Federal Court Applies Attorney-Client Privilege to ‘Functional Employee’ of Corporation

A summer day in front of the US Supreme Court Building in Washington, DC.

The U.S. District Court for the Western District of Washington recently applied the attorney-client privilege to a “functional employee” of a corporate defendant.

National Products, Inc. v. Innovative Intelligent Products LLC, 2023 WL 6215296 (W.D. Wash. Sept. 25, 2023) (unpublished), is a patent infringement case. During discovery, the plaintiff took the deposition of an outside contractor with his own company who worked closely with the defendant in developing the latter’s product designs. The defendant’s attorney asserted privilege and instructed the contractor not to answer when the plaintiff’s attorney asked questions about conversations the defendant’s attorney had with the contractor concerning the litigation. The plaintiff moved to compel. The court denied the motion.

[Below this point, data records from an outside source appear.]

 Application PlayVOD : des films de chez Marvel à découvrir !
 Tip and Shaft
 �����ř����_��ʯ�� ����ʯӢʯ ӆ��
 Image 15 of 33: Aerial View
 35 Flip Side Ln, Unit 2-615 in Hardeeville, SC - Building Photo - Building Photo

In doing so, the court noted (at *4) that “[t]he attorney-client privilege is applicable to communications between a corporation’s attorney and independent contractors or consultants who are the ‘functional equivalent’ of corporate employees.” The court explained (at *4) that “[t]he dispositive question is the individual’s relationship to the company, and whether he or she ‘possesses information about the company that would assist the company’s attorneys in rendering legal advice.’” In this instance, the contractor did not have a formal written agreement memorializing his relationship with the defendant. Nonetheless, the court found that his close and extensive involvement in the defendant’s design process was central to the defense of the case and, therefore, he fell within the standard for a “functional employee” when the defendant’s attorney reached out to him to discuss the claims involved.

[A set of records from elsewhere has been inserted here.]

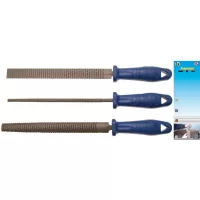 Reszelők, ráspolyok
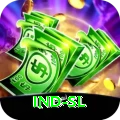ind sl Prime Casino App
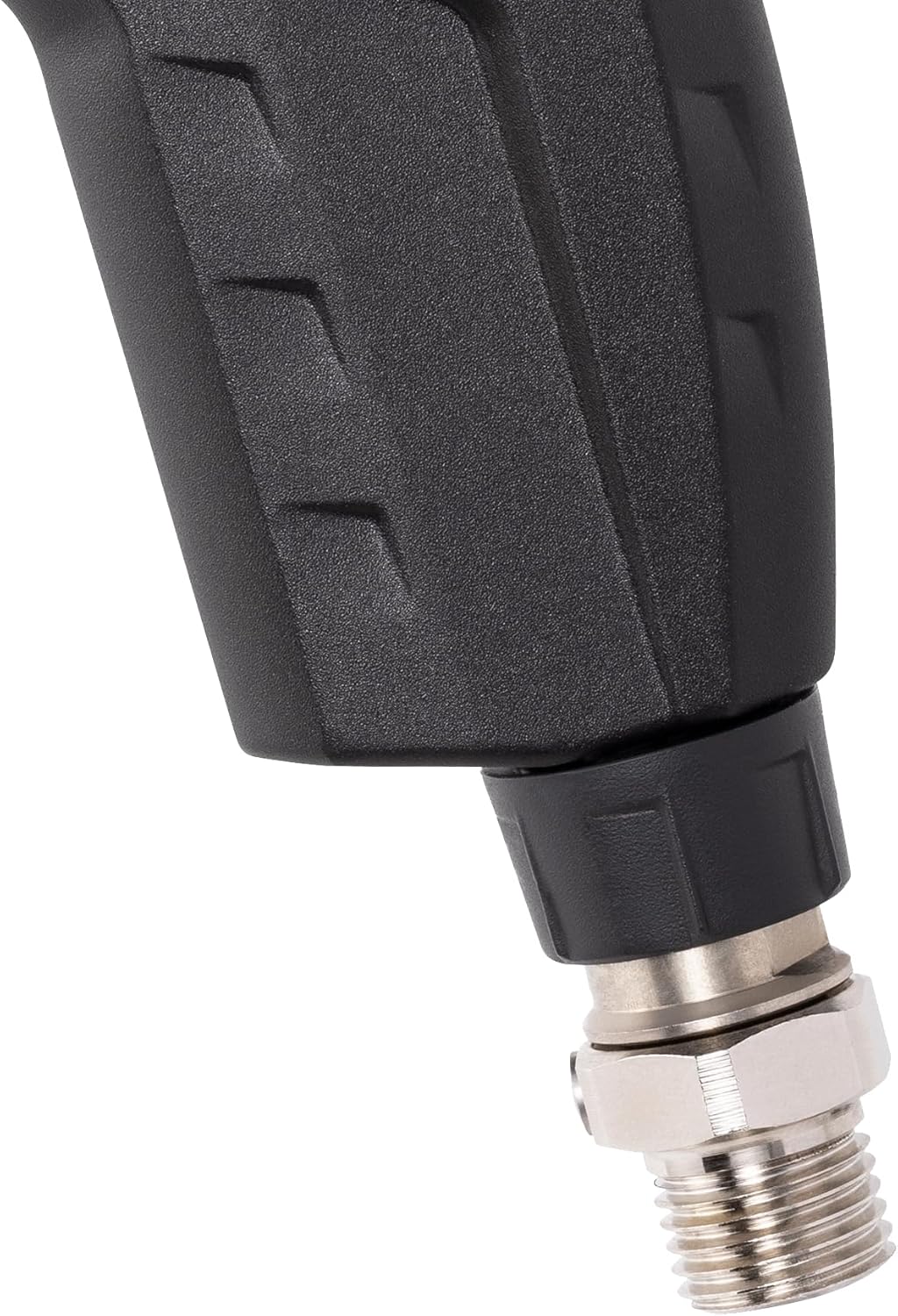 SATA Jet X spray gun review,SATA Jet X HVLP 1.3 review,SATA Jet X spray gun review pros cons,SATA Jet X Digital Ready review honest opinion,is SATA Jet X worth buying review,SATA Jet X review and verdict real-world details not found in the official specs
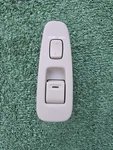 92-00 Lexus SC300 SC400 Z30 Master Window Door Lock Switch Control Right Oem. Fixed Price $49.00.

Because the dispute was over patents, the case fell within federal question jurisdiction. Therefore, the court looked to federal law—principally United States v. Graf, 610 F.3d 1148 (9th Cir. 2010)—in deciding the privilege issue involved. Washington, however, also recognized the concept of “functional employees” in Hermanson v. MultiCare Health Systems, Inc., 196 Wn.2d 578, 475 P.3d 484 (2020).

Although National Products doesn’t blaze any new trails, it is a useful reminder of the potential breadth of the “functional employee” concept in an era when not everyone involved in a corporation’s activities is necessarily a direct employee.